Three exact (rtol == atol == 0) algebraic-optimization kernels route at the two wired call sites. All are off until dispatch_mode("on")/"verify".

  • composed-zero-annihilation (linop.composed.apply, priority 20) — a composition containing a zero map is the zero map, so the apply collapses to one codomain.zeros() instead of walking the chain.

  • composed-identity-elision (linop.composed.apply, priority 10) — skip identity leaves (A @ I @ B = A @ B). Both fire on chains that bypass the construction-time canonicalization in make_composed — JAX pytree round-trips, _convert, or a directly-built ComposedLinOp.

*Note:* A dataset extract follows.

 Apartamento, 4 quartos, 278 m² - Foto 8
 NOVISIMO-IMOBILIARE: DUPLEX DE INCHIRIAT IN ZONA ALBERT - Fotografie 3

  • block-diagonal-uniform-dense-batched (linop.block_diagonal.apply) — a block-diagonal operator whose blocks are uniform-shaped flat-dense matrices folds the per-block loop into one batched matmul. This is materializing (it stacks the blocks), so it carries a shape-only cost and the dispatcher gates it on the memory budget; it is NumPy-only until cross-backend bit-exactness is verified.

Still out of scope:

  • Numerical fusion. No benchmarked kernel inspects adjacent operators to combine them into a precomputed product (A @ B collapsed to one dense matrix, for example). The static ComposedLinOp chain flattening above is structural fusion of the apply loop, not numerical fusion of the operators. A materializing fusion spec would carry a cost and pass the memory gate before the dispatcher could select it.

  • Block-, Kronecker-, or tensor-product specialized kernels beyond the diagonal demonstration kernel. The task list ties those to “correctness references exist”, which is now true; an implementation can land in a follow-up without revisiting the policy.

The 0.4.0 shipped kernels#

composed-chain-apply#

Apply a sequence of operators (A, B, C, ...) to x in order without rebuilding the nested spacecore.linop.ComposedLinOp tree. The optimized variant skips the per-link @checked_method wrapper that the generic ComposedLinOp(A, ComposedLinOp(B, C)).apply(x) path pays on every intermediate.

  • Generic: spacecore.kernels.specs.composed.composed_chain_apply_generic.

  • Optimized: spacecore.kernels.specs.composed.composed_chain_apply_optimized.

  • Correctness: tests/kernels/test_kernels_match_generic.py ::test_composed_chain_apply_matches_generic.

block-diagonal-dense-apply#

Apply a flat tuple of block matrices to a flat tuple of input leaves via ops.matmul directly. The optimized variant hoists the bound method lookup out of the loop and writes a tight zip-loop, instead of going through the spacecore.linop.tree.BlockDiagonalLinOp @checked_method wrapper per leaf.

  • Generic: spacecore.kernels.specs.block_diagonal.block_diagonal_dense_apply_generic.

  • Optimized: spacecore.kernels.specs.block_diagonal.block_diagonal_dense_apply_optimized.

  • Correctness: tests/kernels/test_kernels_match_generic.py ::test_block_diagonal_dense_apply_matches_generic.

Adding a new kernel#

  1. Implement generic and optimized in a new module under spacecore/kernels/specs/. The generic implementation must match the un-optimized path that the rest of SpaceCore would use.

  2. Register a KernelSpec at module scope. Name the correctness reference you are about to add.

  3. Add the correctness test function under tests/kernels/test_kernels_match_generic.py. Use the existing parametrized templates as guides.

  4. Run pytest tests/kernels/ — the policy-enforcement test refuses to pass until the correctness test exists.

Cross-references#

  • Backend conformance — the matrix the kernels ultimately ride on. ops.matmul semantics are pinned there.

  • Checking policy — kernels deliberately skip the @checked_method wrapper. The reason it’s safe inside a kernel is documented in each kernel’s notes.

  • Release notes0.4.0 shipped the policy and the two demonstration kernels. Dispatch and fusion are tracked separately.